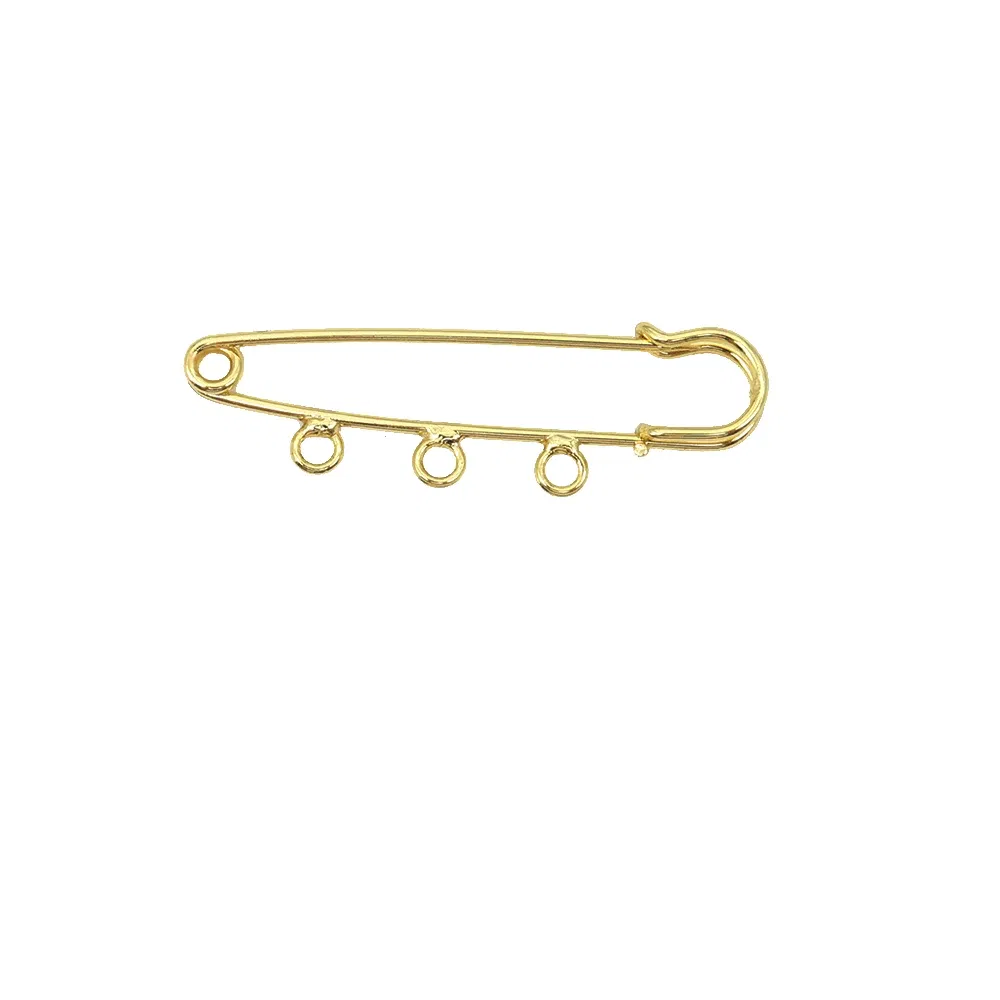 4cm 5cm 8cm 5pcs /lot Plain Gold Plated Kilt Pins DIY Craft Muslim Islam Baby Safety Pin With Loops  For Kids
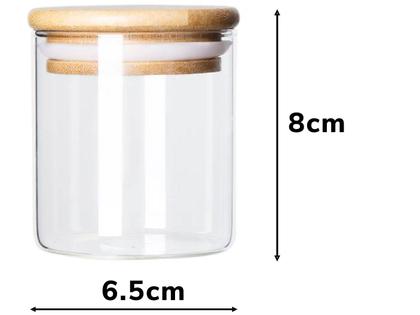 Imagem de Jogo de Potes de Vidro Brinox Redondo 180ml Ekko Lock & Stock 6 Peças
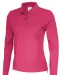 POLO PIQUE LONG SLEEVE LADY - GOTS GECERTIFICEERD Fuchsia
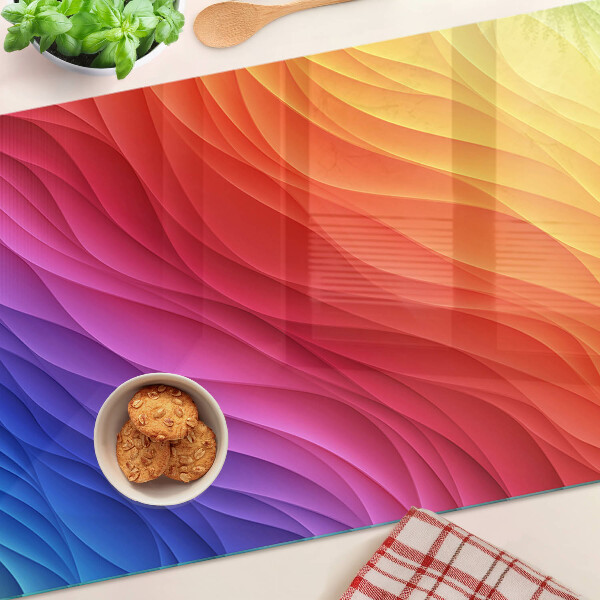 Snijplanken glas Kleurengolven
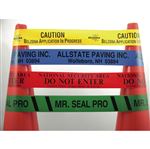 Custom Barricade Tape Roll 3" x 1000'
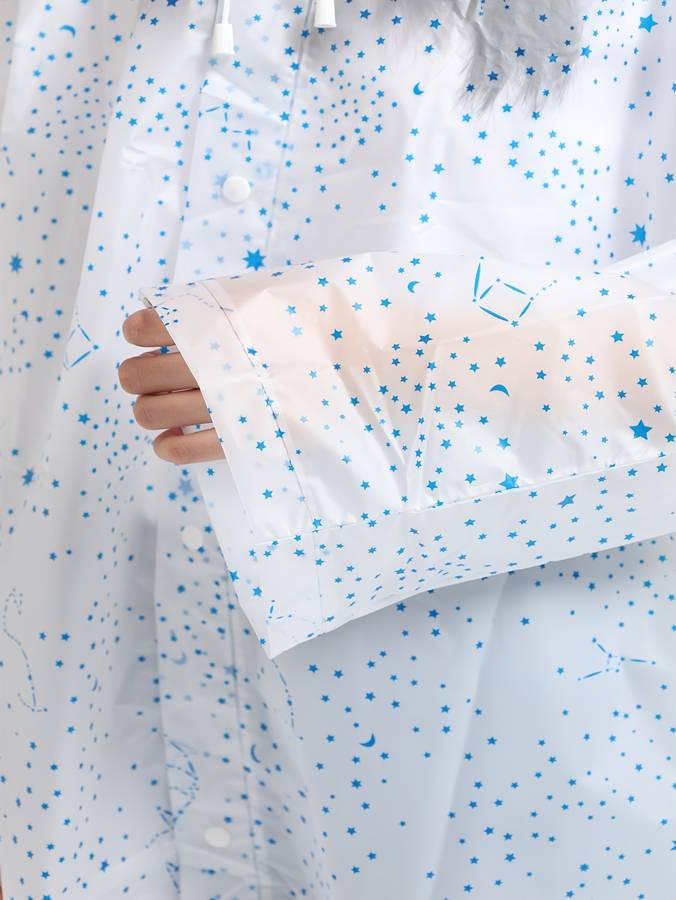 Raincoat White Size Asian Onesize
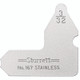 Starrett RADIUS GAGE, 3/32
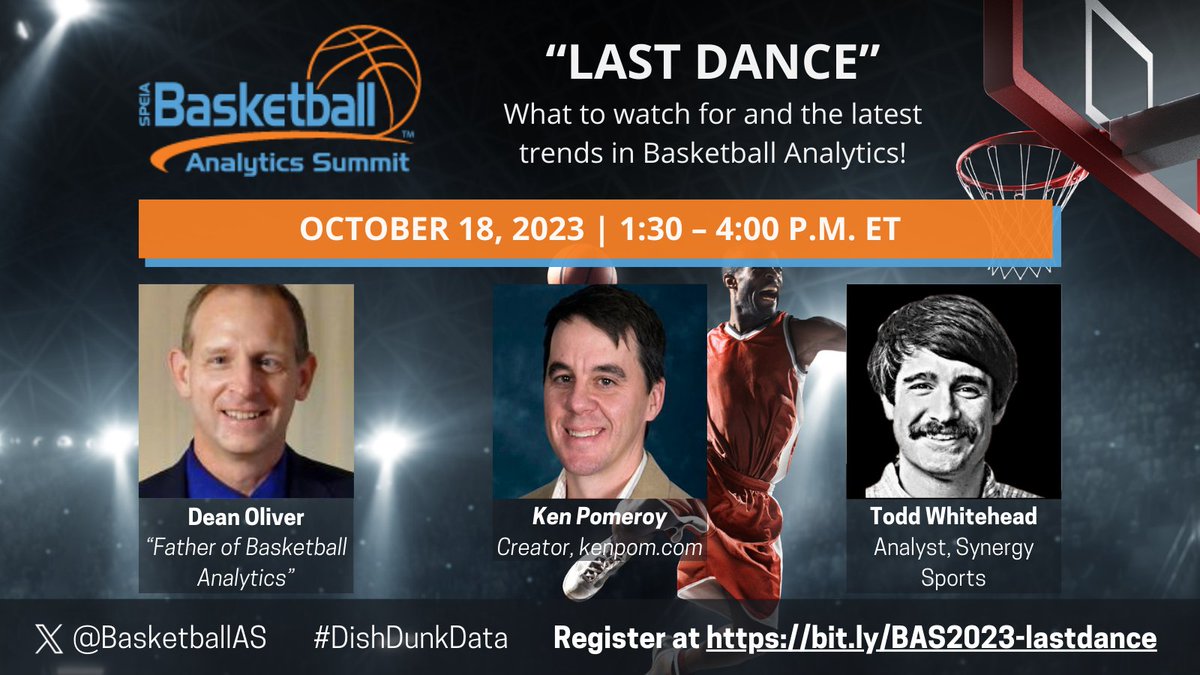 BasketballAS's tweet image. An open FREE session with @kenpomeroy ?!! Don't miss your chance to ask a question of THE college hoops numbers man. #dishdunkdata #DataScience #analytics #math @1CSBA bit.ly/BAS2023-lastda…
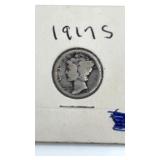 1917 S Mercury Dime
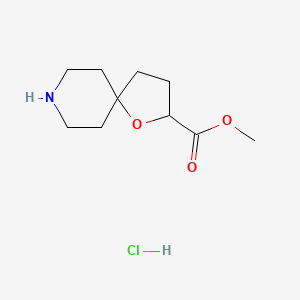 molecular formula C10H18ClNO3 B1529865 Methyl 1-oxa-8-azaspiro[4.5]decane-2-carboxylate hydrochloride CAS No. 1392804-61-3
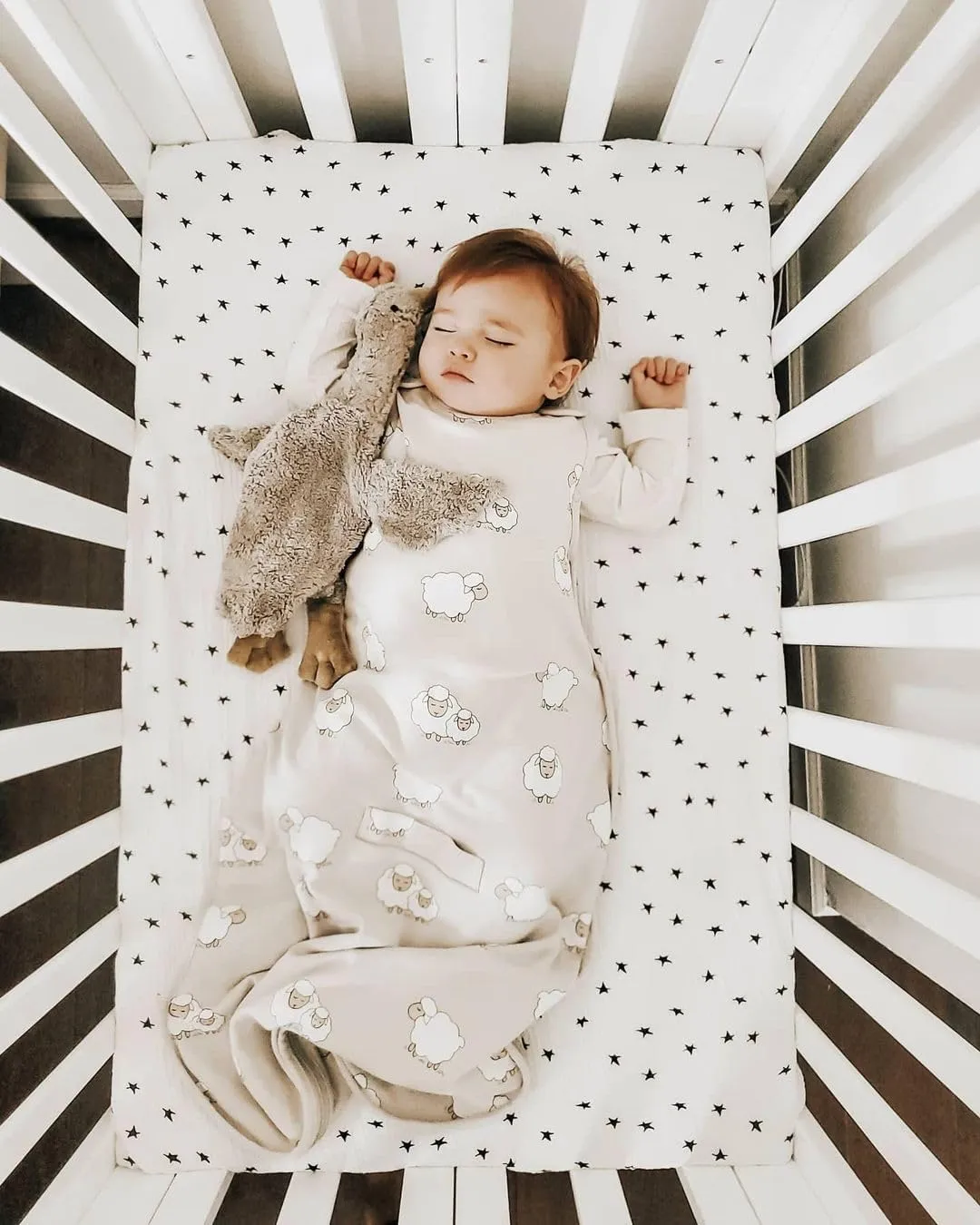 Woolino Toddler Sleeping Bag, 4 Season, Merino Wool and Organic Cotton Baby Wearable Blanket, 2-4 Years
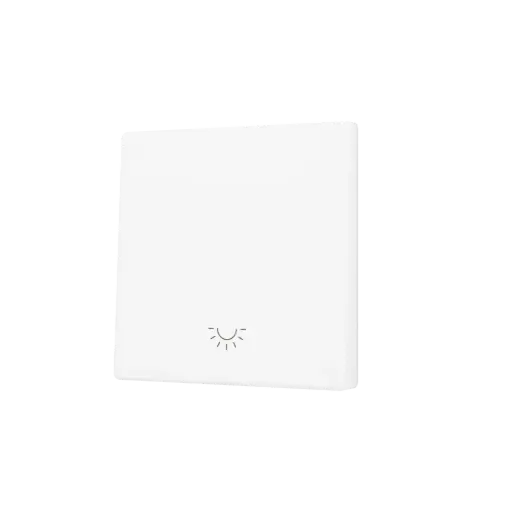 [ZEZS55CSOFT11LMW] Zennio ZS55 - Touche simple (appui en bas) pour bouton poussoir KNX Soft - Icône de lumière (Blanc mat)
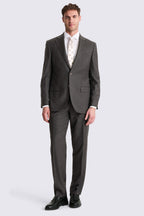 Regular Fit Charcoal Twill Suit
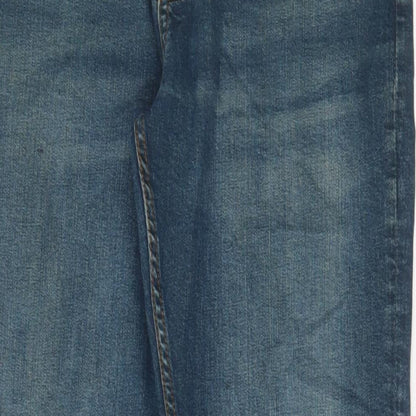 Denim & Co. Mens Blue Cotton Straight Jeans Size 36 in L30 in Regular Button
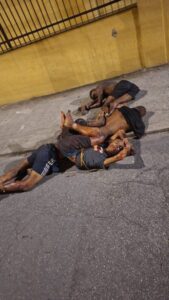 Four murderers of little girl were killed and thrown on street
⁂
→ Work instruction
Leaving the pictures out, give back each line above exactly.

→ Written reply
 4cm 5cm 8cm 5pcs /lot Plain Gold Plated Kilt Pins DIY Craft Muslim Islam Baby Safety Pin With Loops  For Kids
 Imagem de Jogo de Potes de Vidro Brinox Redondo 180ml Ekko Lock & Stock 6 Peças
 POLO PIQUE LONG SLEEVE LADY - GOTS GECERTIFICEERD Fuchsia
 Snijplanken glas Kleurengolven
 Custom Barricade Tape Roll 3" x 1000'
 Raincoat White Size Asian Onesize
 Starrett RADIUS GAGE, 3/32
 BasketballAS's tweet image. An open FREE session with @kenpomeroy ?!! Don't miss your chance to ask a question of THE college hoops numbers man. #dishdunkdata #DataScience #analytics #math @1CSBA bit.ly/BAS2023-lastda…
 1917 S Mercury Dime
 molecular formula C10H18ClNO3 B1529865 Methyl 1-oxa-8-azaspiro[4.5]decane-2-carboxylate hydrochloride CAS No. 1392804-61-3
 Woolino Toddler Sleeping Bag, 4 Season, Merino Wool and Organic Cotton Baby Wearable Blanket, 2-4 Years
 [ZEZS55CSOFT11LMW] Zennio ZS55 - Touche simple (appui en bas) pour bouton poussoir KNX Soft - Icône de lumière (Blanc mat)
 Regular Fit Charcoal Twill Suit
 Denim & Co. Mens Blue Cotton Straight Jeans Size 36 in L30 in Regular Button
 Four murderers of little girl were killed and thrown on street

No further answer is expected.